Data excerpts

+ + + + +

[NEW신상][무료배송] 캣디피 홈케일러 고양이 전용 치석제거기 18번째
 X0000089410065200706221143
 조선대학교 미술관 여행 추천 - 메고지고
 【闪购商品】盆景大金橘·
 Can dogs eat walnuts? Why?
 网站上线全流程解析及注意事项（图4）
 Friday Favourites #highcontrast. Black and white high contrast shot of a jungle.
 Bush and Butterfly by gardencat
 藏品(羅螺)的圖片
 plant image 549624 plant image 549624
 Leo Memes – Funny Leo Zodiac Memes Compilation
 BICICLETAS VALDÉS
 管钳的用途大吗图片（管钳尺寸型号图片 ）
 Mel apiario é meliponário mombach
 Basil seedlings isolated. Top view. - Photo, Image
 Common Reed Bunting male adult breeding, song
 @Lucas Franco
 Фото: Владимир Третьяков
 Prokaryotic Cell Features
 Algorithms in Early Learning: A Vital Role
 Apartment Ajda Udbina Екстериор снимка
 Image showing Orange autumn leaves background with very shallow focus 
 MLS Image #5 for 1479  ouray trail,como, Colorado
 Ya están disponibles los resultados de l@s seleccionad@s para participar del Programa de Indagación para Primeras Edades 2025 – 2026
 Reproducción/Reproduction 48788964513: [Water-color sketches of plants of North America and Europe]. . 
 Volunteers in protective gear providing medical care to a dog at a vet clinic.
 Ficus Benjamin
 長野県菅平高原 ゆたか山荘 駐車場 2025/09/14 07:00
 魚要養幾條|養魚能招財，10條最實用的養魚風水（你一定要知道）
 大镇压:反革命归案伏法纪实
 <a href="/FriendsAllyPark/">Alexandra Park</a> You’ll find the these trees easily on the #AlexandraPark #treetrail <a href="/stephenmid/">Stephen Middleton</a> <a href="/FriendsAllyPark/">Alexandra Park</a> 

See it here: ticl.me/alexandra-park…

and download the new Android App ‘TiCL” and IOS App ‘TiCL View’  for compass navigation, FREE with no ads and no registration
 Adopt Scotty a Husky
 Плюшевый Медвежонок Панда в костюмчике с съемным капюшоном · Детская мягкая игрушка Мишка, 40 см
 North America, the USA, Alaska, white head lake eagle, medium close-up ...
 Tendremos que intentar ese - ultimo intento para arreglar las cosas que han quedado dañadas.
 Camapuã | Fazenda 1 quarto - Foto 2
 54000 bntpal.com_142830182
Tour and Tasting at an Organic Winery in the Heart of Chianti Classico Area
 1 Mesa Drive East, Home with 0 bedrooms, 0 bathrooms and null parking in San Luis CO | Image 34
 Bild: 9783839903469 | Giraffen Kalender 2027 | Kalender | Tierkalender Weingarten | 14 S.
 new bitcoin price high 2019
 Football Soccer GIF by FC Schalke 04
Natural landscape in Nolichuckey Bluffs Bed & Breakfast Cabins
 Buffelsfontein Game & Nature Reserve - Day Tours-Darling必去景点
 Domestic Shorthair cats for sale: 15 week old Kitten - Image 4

+ + + + +

■ Requirement ■
All lines from the one containing "Buffelsfontein Game &" to the end of the data above are to be set down exactly; no others belong in the answer.

■ Answer space ■
 Buffelsfontein Game & Nature Reserve - Day Tours-Darling必去景点
 Domestic Shorthair cats for sale: 15 week old Kitten - Image 4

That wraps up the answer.